Wilting a Garden of Trojan Attacks

The Flowershop Malware's old campaigns are more relevant to the security concerns of government networks and specialized businesses, such as the energy sector, than they are to average PC owners. However, leaks from the Shadow Brokers suggest that there is a concern of the Flowershop Malware, or other threats in the same umbrella, being hijacked and misused by other threat actors. Regardless of how an attacker uses it, a Flowershop Malware infection is a high-level security risk to the compromised system.

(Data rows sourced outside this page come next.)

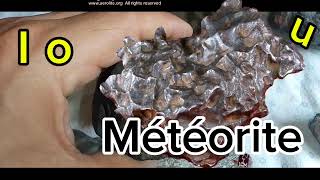 Météorite4 Types4 انواع من النيازك الغالية الثمن [upl. by Halsted]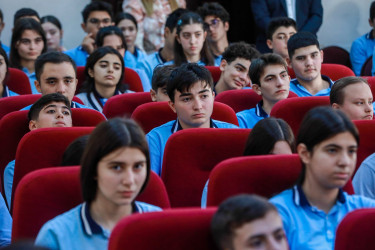Bilgəh qəsəbəsində “Narkotikə yox deyək!” mövzusunda maarifləndirici tədbir keçirilib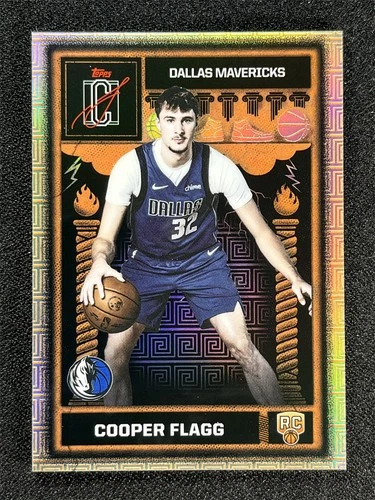 2025 Topps Signature Cooper Flagg Base (RAW)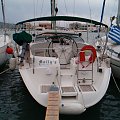 Rejs Grecja 2005 kwiecień-maj, morze jońskie, Korfu, Zakynthos, Levkas, Itaka, Kefalonia, jacht Oceanis 461, załoga 7 osób.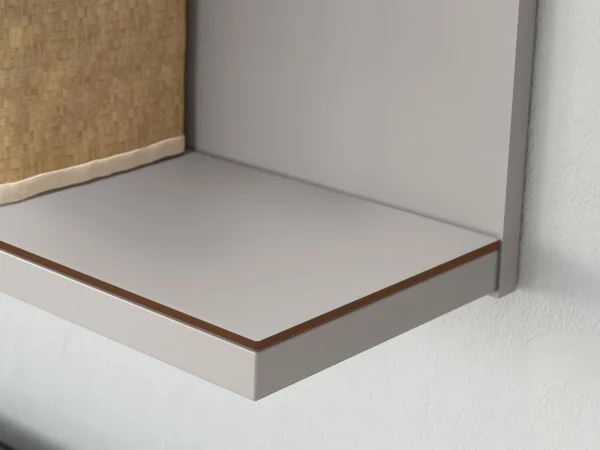 Étagère CALIFREE Cachemire/noyer vente en ligne 3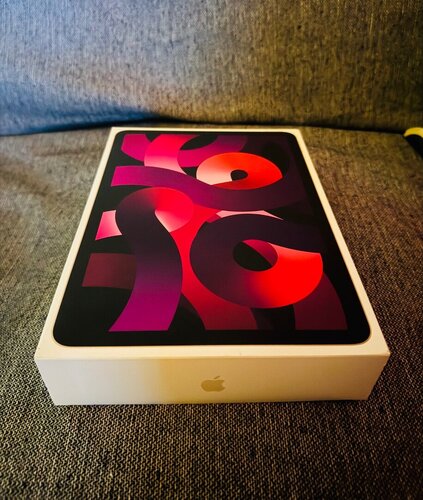 Περισσότερες πληροφορίες για "Apple iPad Air 2022 (5th Generation) 10.9" wifi - Cellular (5G/64 GB/M1/8 GB/iPadOS 15)"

The Flowershop Malware is, like any state-based threat, highly covert and avoids symptoms that would give away its existence, ordinarily. However, appropriate security software may detect infections by searching for specific registry entries, files, and other identifiers of its Trojans. Professional-quality and updated anti-malware products should remove the Flowershop Malware, although disabling network connectivity while disinfecting the PC is highly recommended as a precaution against its communicative features.

The Flowershop Malware is an exciting old-but-new chapter for analyzing threats, and Gossip Girl shows all cues of continuing providing fodder for future analyses. However, it may be hard work finding samples, given their willingness for revamping software and emphasizing concealment above all else.